Gravei com Rickenbacker e isso acentuou ainda mais o McCartney explícito, embora eu tenha recorrido à chave de captadores para baixo, a explorar o médio-agudo mais ao sabor "Prog". Nesses termos, para ouvidos mais atentos, vai lembrar o som do Beto Guedes, podem reparar. Gosto muito dessa escolha, não apenas pelo timbre do "RK", como as soluções que criei para compor minha linha de baixo. 

E para realçar ainda mais o estilo McCartney, a entrada do órgão Hammond ao final lembra a clássica canção: "Maybe I'm Amazed", e a interpretação vocal do Rodrigo explode, inclusive com a aparição de um segundo canal com um vocalise estratégico a desenhar uma melodia diferente. 

O Rolando Castello Junior montou uma bateria perfeita, com apenas pontuais intervenções mais fortes, a realçar a melodia. Marcello arrebenta no slide, sem dúvida uma de suas melhores criações de contra-solos em todos os discos da Patrulha do Espaço em que ele gravou.  
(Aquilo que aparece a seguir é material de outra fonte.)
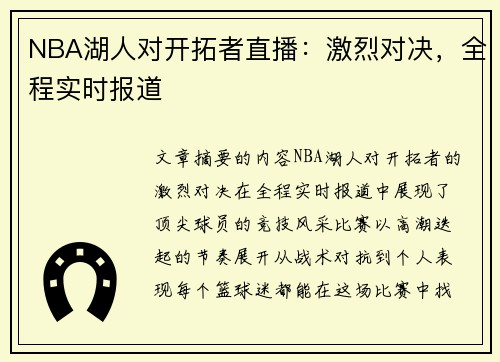 NBA湖人对开拓者直播：激烈对决，全程实时报道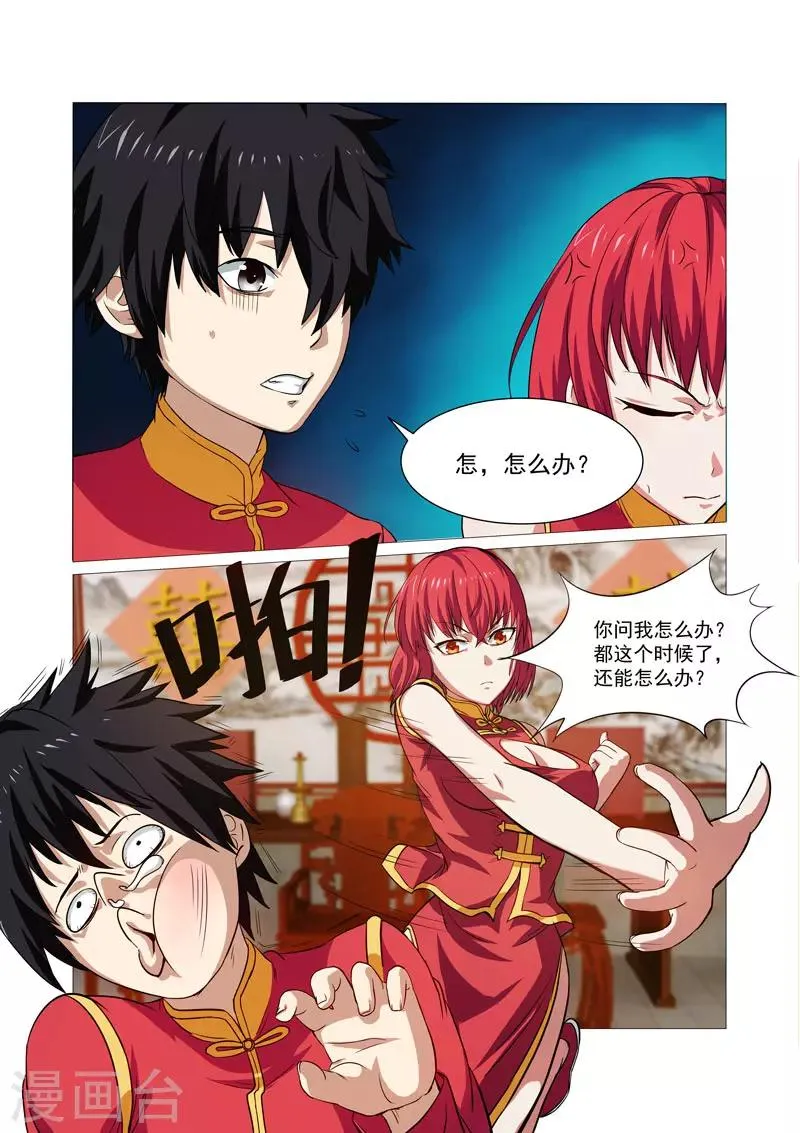 第36话 第2页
A letra é linda, e aí sim no espírito com o qual nos unimos ainda fora da Patrulha do Espaço, eu, Rodrigo e Marcello e criamos o projeto do Sidharta, com toda aquela atmosfera 1960 & 1970. Rodrigo usa da poesia e da metáfora com muita propriedade, para nos mostrar mais uma vez que também é um poeta, e ali, no subliminar, há uma dose de espiritualidade sutil em algumas colocações.

"Estou chegando na ponta de um trampolim,

O mergulho vai ser para dentro de mim

Na minha mente paira a eterna ideia da missão, pois cada passo é um passo e cada tropeço, a lição

A vida é um novelo de lã, e eu...o gato a brincar com moinho de vento"

5) Quando a Paixão te Alcançar (Marcello Schevano - Rodrigo Hid - Rolando Castello Junior)

"Quando a Paixão te Alcançar" do áudio do disco:

Eis o Link para escutar no You Tube:

https://www.youtube.com/watch?v=X2IBMkk47Do

Mais uma canção com acento de Funk-Rock, mas aqui mais próxima da Soul Music. Tem muito balanço, e uma sensualidade implícita que remonta de certa forma ao trabalho solo de Rod Stewart nos anos setenta. 

Ela se inicia com uma insinuação de guitarras como se fosse uma jam-session livre e nesse caso, com o som "apodrecido", como se estivesse a ser escutado em um radinho de pilhas com as frequências esmagadas pelos falantes "liliputianos" desse tipo de aparelho sonoro. No entanto, quando começa para valer, tudo clareia e a banda entra com peso e timbre, naturalmente. 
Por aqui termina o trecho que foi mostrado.